--- Task details ---
In the listing, determine how many lines contain "Earrings". The reply is that number alone.

*** Begin section ***

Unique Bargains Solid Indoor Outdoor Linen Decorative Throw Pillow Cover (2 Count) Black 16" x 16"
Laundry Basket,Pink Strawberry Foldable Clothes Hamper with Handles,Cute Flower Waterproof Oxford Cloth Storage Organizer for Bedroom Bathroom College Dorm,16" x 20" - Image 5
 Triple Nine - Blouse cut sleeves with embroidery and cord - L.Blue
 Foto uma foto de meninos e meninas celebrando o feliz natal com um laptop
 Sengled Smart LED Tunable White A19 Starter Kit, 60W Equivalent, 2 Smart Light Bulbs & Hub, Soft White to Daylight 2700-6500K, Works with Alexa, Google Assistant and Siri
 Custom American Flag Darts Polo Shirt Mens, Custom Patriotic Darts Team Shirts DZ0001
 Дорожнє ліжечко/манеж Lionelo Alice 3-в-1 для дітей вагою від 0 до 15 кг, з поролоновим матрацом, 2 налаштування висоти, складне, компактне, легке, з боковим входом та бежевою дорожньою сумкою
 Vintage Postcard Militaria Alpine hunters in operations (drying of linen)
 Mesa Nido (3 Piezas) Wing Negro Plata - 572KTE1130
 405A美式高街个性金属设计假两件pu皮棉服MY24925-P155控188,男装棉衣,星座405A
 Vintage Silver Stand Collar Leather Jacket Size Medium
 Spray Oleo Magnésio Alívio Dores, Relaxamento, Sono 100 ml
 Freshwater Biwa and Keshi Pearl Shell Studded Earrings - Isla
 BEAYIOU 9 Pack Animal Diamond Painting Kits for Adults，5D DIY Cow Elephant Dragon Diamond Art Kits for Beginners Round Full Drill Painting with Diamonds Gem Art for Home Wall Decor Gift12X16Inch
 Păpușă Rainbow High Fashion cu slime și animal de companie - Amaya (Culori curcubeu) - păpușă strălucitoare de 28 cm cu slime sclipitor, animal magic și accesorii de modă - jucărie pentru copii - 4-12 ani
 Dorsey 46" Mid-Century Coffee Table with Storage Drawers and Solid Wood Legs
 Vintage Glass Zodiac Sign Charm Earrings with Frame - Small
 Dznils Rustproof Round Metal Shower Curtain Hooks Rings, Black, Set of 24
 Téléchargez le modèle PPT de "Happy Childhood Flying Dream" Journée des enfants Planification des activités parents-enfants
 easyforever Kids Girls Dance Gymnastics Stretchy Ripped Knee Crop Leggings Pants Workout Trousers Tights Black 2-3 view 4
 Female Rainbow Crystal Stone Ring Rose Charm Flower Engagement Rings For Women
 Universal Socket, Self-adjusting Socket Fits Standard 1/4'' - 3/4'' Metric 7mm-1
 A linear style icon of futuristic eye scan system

*** End section ***

--- Output of the task ---
2